Julie Stechmann competes in the stone putt

Sun shines on Hororata Games

by Mike Isle

Dancers flinging, drum majors twirling, strongmen and women competing, bands playing — there was plenty to attract 9,000 visitors to the eighth annual Hororata Highland Games held last Saturday at the Hororata Domain.

Event manager, Cindy Driscoll, said the weather remained a concern right up to the event after heavy rain earlier in the week threatened to turn the domain into a sodden mess.

“The team rose to this challenge and were well prepared. We are very lucky with the Hororata Domain as a venue; as it coped with the amount of rain, we received on the Friday with surface water draining away by the time the gates opened on Saturday.”

More than 500 competitors competed in 12 events, including the Tug O’ War, Sack Carry and Small-Bore Rifle Shooting.

The Gough CAT Oceania Heavyweight Championship was won by New Zealander Jono McFarlane, Julie Stechmann won the Amateur Heavy Women’s Championship and Brian Reeves won the men’s. The Champion Highland Dancer was Danielle Joy, and Champion Pipe Band was Canterbury Caledonian Society’s Highland Pipe Band. The Darfield High School team won the Harraways Junior Warriors interschool competition, and the Average Joes from Christchurch took out the trophy pull in the Southfuels Tug O’ War. Hororata local, 15-year-old Harry Cookson took out the Selwyn Times Kilted Mile, this running race is not the normal mile; competitors have to jump over obstacles, eat, drink and run. Harry won the race with his ability to eat a Hororata Pie in record time.

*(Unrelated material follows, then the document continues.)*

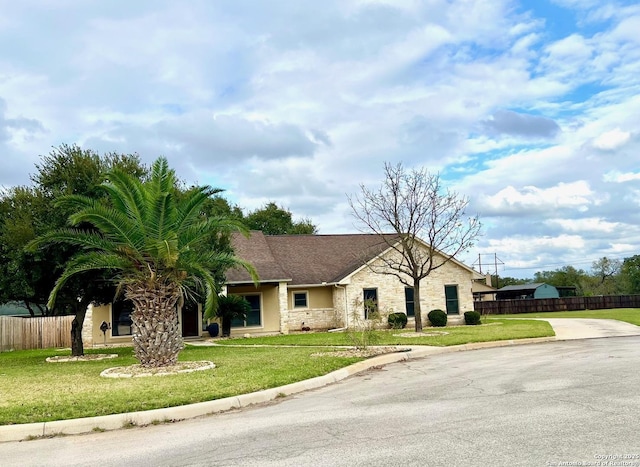 ranch-style house with a front lawn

Chieftain Patrick Hellier, New Zealand’s highest achieving Highland Games Heavy athlete, commented “It was great for me to experience the full festival surrounding the arena where I normally spend most of my time. I enjoyed meeting the clans and seeing the other competitions.”

Cindy Driscoll said The Hororata Highland Games was a community event staged by the Hororata Community Trust and would not be possible without community passion, dedication and commitment.

“The games put Hororata on the map, and it is the launch pad for other projects such as the planned new Hororata Community Centre and the Hororata Night Glow.

“Twelve community groups fundraise at the event which is a huge opportunity for them as the games bring a wider audience to the district. The games take a collective approach and because of this has strengthened the community.”